893 posts in 3763 days


#13 posted 02-04-2014 01:21 PM

Hey Rick, That’s a good idea with a hole saw.
The dust is fine and would drop through the smaller hole. I’ll have to try that next time.

But that crazy wheel cutter bit looks like a medieval torture device. Too scary! Ha!

He’s drilling a 4” deep hole so the hole saw wouldn’t work. he’s also using a forstener bit which cuts large shavings and wouldn’t drop through a small hole – probably just get clogged.

I’d clamp a fence guide to the drill press and use an air hose and constantly clear the hole and work area. Do short 3/4 cuts and then blow it out, that’s the key. Cut most of the hole, drill a pilot hole, flip and finish it.

The problem with trying to drill it out first is the blowout on the back – unless you plan on flipping it and finishing the holes. I see this as a huge waste of time.

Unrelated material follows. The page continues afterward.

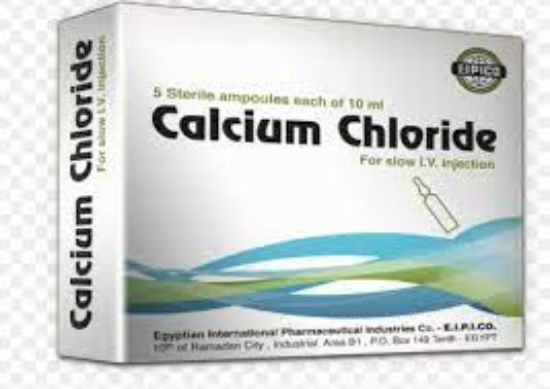 Picture of CALCIUM CHLORIDE 100MG/ML AMP.U.S.P.30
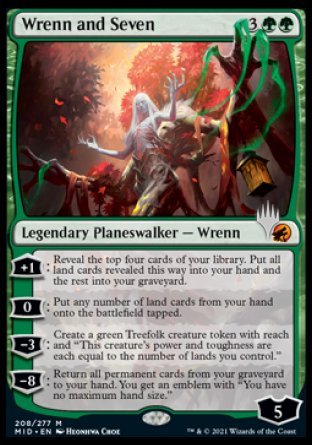 Wrenn and Seven (Promo Pack) [Innistrad: Midnight Hunt Promos] | Black Swamp Games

Just drill the damn thing already! Ha! and don’t force it till it burns.

You might have to buy a new bit too.

View oldnovice's profile

oldnovice

7702 posts in 4455 days


#14 posted 02-04-2014 06:19 PM

I would do like renners suggested with a router, guide bushing, and template?

I use that method when I need to make holes bigger than my Forstner bits plus you get left over large diameter hole plugs.

-- "It's fine in practise but it will never work in theory"

View dhazelton's profile

dhazelton

2839 posts in 3384 days


#15 posted 02-04-2014 06:25 PM

The hole saw works if you flip the piece and attack the hole from the other side using the pilot bit as your registration. Not perfect, but it works. What’s the design that it has to be a hole in a 4 inch thick piece?

View Richard's profile

Richard

11310 posts in 4120 days


#16 posted 02-05-2014 12:42 AM

dhazelton: “The hole saw works if you flip the piece and attack the hole from the other side using the pilot bit as your registration.” YEP! Agree!

I measured my Larger Hole Saws last night. (3”, 4” & 6” Dia.) 2-1/4” to 2-1/2” cutting depth is not a problem.

I can also change the bit that comes with the Hole Saw to a Longer one that will more than penetrate through to the other side, as You’ve suggested for a “registration” mark , or starter point to use the Hole saw from the other side.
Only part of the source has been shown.